Stepanakert children in a van
Children pose in an abandoned van in Stepanakert, the capital of the breakaway region of Nagorno-Karabakh, soon after the ceasefire was signed in 1994.

How did Conflict Voices come into being?

In 2007 I was Caucasus regional editor for an organization in the United States called Global Voices. I would put together posts about issues that were underrepresented in the regional and international media from the South Caucasus—for example, about gay rights, women’s rights, or the flawed process of elections in the region. But in 2008, Facebook started to emerge in the region, and then things really got interesting. You could basically form relationships across borders online.

I was still based in Yerevan, Armenia. As the regional editor for Global Voices, how could I do anything referring to Azerbaijan without knowing what was really happening there, or without even being in contact with any Azerbaijanis? It’s just not professional, and it’s definitely not possible to have a clear view of the region if you don’t speak to people from the other countries. So I ventured up to Tbilisi and made contact with some Azerbaijani bloggers at a BarCamp. It was very interesting. You had the Armenian contingent, who would be standing about twenty meters away from the Azerbaijani contingent. They were just totally separate. I thought, Well, this is bloody stupid! So I decided to approach the Azerbaijanis. I had my camera on me. They thought, This looks like a photographer, let’s give him our cameras and ask him to take pictures of us together.

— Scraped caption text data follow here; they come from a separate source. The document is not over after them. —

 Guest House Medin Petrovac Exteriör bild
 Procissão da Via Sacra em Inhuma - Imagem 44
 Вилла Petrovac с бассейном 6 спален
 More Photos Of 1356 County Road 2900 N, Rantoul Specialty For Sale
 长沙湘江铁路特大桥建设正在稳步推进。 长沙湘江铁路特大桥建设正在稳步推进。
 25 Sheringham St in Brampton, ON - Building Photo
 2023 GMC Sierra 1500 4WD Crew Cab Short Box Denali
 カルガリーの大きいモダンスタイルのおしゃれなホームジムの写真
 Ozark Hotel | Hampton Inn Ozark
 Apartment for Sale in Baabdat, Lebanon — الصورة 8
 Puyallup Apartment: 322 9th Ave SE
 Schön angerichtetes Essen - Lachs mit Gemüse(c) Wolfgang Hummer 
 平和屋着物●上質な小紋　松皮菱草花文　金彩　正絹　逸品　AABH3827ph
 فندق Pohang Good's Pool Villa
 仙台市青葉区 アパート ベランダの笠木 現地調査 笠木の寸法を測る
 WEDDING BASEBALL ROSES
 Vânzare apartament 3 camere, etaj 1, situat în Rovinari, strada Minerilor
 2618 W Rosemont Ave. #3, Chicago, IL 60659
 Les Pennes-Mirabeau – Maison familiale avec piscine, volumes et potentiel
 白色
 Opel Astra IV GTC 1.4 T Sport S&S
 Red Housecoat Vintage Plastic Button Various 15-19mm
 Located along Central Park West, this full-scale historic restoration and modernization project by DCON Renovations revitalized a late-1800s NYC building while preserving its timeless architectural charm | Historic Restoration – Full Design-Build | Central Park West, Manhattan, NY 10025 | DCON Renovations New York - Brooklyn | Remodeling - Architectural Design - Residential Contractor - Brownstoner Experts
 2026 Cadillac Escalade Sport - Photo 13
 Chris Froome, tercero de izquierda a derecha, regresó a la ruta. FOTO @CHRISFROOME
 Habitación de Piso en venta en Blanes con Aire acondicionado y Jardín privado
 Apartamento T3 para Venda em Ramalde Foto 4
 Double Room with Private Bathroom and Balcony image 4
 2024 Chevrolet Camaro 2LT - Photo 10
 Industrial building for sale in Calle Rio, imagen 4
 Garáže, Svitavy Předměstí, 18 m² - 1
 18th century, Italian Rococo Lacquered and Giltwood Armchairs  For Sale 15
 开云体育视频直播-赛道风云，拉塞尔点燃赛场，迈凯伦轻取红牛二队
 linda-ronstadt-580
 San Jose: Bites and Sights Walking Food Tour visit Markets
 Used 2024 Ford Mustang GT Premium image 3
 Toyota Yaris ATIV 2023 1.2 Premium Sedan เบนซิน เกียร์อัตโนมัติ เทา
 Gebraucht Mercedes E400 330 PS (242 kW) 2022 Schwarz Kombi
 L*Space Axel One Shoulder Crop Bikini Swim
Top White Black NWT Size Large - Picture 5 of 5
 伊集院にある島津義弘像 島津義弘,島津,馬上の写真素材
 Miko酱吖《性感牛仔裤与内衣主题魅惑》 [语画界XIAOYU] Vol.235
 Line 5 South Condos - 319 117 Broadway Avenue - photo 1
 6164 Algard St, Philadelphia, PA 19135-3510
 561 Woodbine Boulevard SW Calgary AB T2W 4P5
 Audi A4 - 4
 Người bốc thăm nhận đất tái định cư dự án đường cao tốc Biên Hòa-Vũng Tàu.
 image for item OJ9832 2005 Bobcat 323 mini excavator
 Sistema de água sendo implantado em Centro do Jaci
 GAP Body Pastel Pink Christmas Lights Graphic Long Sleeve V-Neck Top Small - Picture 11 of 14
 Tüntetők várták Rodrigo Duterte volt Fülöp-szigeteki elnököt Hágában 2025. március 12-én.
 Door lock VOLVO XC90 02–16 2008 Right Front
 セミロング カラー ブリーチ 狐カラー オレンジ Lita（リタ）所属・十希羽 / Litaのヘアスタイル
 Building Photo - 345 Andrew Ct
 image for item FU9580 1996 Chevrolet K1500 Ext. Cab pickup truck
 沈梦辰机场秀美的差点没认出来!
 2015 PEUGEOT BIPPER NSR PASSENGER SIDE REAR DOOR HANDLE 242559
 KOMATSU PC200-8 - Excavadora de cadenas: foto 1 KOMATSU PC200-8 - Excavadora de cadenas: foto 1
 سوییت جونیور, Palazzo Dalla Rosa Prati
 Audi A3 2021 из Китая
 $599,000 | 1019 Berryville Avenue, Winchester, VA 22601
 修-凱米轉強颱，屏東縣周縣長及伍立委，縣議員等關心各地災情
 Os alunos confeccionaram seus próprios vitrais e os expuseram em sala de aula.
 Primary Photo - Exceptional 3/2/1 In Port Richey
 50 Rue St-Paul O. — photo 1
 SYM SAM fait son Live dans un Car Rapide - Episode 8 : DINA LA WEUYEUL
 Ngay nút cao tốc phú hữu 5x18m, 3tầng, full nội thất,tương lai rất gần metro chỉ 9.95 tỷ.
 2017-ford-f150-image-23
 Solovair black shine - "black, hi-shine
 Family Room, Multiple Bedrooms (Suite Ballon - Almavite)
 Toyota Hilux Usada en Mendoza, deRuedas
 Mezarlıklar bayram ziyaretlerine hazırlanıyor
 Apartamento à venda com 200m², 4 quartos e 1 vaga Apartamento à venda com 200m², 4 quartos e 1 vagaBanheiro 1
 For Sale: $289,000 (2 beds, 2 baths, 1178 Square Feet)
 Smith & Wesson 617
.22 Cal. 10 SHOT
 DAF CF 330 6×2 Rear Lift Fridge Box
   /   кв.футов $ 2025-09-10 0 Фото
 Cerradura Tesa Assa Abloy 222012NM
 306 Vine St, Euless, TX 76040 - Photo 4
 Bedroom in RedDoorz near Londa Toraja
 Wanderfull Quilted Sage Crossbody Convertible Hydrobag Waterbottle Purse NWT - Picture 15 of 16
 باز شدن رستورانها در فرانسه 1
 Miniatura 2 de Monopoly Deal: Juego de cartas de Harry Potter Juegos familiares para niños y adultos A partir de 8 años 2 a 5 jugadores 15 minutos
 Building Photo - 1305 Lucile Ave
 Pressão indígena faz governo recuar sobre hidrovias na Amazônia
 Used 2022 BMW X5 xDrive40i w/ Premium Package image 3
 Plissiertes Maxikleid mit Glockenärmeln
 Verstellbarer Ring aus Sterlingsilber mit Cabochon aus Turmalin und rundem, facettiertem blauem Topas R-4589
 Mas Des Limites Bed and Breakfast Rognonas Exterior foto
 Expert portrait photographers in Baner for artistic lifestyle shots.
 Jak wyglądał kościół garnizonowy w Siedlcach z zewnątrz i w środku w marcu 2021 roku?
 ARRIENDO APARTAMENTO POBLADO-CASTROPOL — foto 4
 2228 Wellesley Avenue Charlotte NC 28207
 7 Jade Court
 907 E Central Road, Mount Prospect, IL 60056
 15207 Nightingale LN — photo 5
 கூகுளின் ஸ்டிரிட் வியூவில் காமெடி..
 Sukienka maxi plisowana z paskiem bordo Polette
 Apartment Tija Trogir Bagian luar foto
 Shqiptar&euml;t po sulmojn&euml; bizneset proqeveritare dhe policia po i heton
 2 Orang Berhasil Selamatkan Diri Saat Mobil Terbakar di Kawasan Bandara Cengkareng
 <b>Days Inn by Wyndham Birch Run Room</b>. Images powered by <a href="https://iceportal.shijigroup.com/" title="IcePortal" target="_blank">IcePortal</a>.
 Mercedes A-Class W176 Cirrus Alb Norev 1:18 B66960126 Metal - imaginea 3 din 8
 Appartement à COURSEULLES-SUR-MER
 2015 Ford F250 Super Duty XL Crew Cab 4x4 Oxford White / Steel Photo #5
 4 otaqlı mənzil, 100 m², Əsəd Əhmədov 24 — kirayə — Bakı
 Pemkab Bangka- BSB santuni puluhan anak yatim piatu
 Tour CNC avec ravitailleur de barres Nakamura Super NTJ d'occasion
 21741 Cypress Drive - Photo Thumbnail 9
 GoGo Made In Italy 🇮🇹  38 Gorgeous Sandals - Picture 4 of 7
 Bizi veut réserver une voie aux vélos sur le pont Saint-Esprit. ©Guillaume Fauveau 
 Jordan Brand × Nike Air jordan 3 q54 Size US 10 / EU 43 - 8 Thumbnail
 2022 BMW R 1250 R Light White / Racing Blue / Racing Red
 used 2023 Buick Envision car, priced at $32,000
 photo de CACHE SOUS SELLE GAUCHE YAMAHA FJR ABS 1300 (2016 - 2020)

I handed them their cameras, and they said, “Thanks very much, where are you from?” I said. “I’m from England.” They said, “What’s your name?” I said, “Onnik Krikorian.” Deathly silence. But people are people, and there’s always that initial thing when you have stereotypes and whatever. You don’t know how to react in such a situation. After ten seconds, they say, “Thanks, stay in touch. Could you send some of the images you took with your camera?” So I found them on Facebook and made contact with them. Suddenly, a world in Azerbaijan through young Azerbaijanis was opened up to me. And not surprisingly, they weren’t very different from Armenian youth.

They’re not totally preoccupied with the Nagorno-Karabakh conflict, and they have the same interests as any young person does—mainly posting about music, films, university, or whatever. I saw the potential of social media to break down stereotypes and thought, if only a young Armenian in Armenia could see what a young Azerbaijani is doing. They would see that actually each side is not a monster, each side is not perpetually thinking about armed conflict. In that sense, social media was incredibly revolutionary.

I had a foot in the door of Azerbaijani social networks. And as a journalist, the more they saw my work, the more I think they understood that I wasn’t a threat. Trust and relationships were built, and my material was shared. I thought, okay, something really has to be done now, something proper, because this is a very wonderful, personal tool for connecting people.

Has this affected your view of the Nagorno-Karabakh conflict?

Yes, it’s changed my view of the conflict. Don’t get me wrong—it’s also a really depressing situation, with no solution anywhere in sight. In 1994, when I returned to London from Nagorno-Karabakh, analysts were telling me, “In twenty years, the conflict will be solved.” Well, it’s now twenty years since then, and the conflict is nowhere even close to being solved. I’m not even sure it’ll be close to being resolved in another twenty years.

So do you just envision a continuing standoff, or do you think something else is going to happen?

I think the standoff continuing is, unfortunately, a safe bet. What some are concerned about, however, is whether hostilities will resume. I think the consensus is that no side will start a new war, but that there’s a danger of an accidental war when a skirmish on the border spirals out of control. But despite how depressing the situation looks, I can at least see in the interactions I have with Azerbaijanis and Armenians, that there is a—albeit small—group of progressive, open-minded people on both sides.

They communicate with each other, and some meet face-to-face. In Georgia, of course, you have ethnic Armenians and Azeris who have absolutely no problem with each other at all.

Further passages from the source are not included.